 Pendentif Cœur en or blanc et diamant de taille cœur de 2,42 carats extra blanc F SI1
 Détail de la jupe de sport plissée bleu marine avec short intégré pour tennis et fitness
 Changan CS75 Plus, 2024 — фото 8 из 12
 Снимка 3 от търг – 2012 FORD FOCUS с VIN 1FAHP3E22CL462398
...
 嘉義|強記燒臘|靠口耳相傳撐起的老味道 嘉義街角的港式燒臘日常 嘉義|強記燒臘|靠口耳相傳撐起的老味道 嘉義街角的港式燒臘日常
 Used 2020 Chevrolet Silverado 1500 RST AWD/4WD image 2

* _AIM OF THE TASK_
All that should be written out is the stretch of lines above between the one holding "Détail de la" and the one holding "Снимка 3 от", inclusive, exactly as given.

* _RESPONSE BOX_
 Détail de la jupe de sport plissée bleu marine avec short intégré pour tennis et fitness
 Changan CS75 Plus, 2024 — фото 8 из 12
 Снимка 3 от търг – 2012 FORD FOCUS с VIN 1FAHP3E22CL462398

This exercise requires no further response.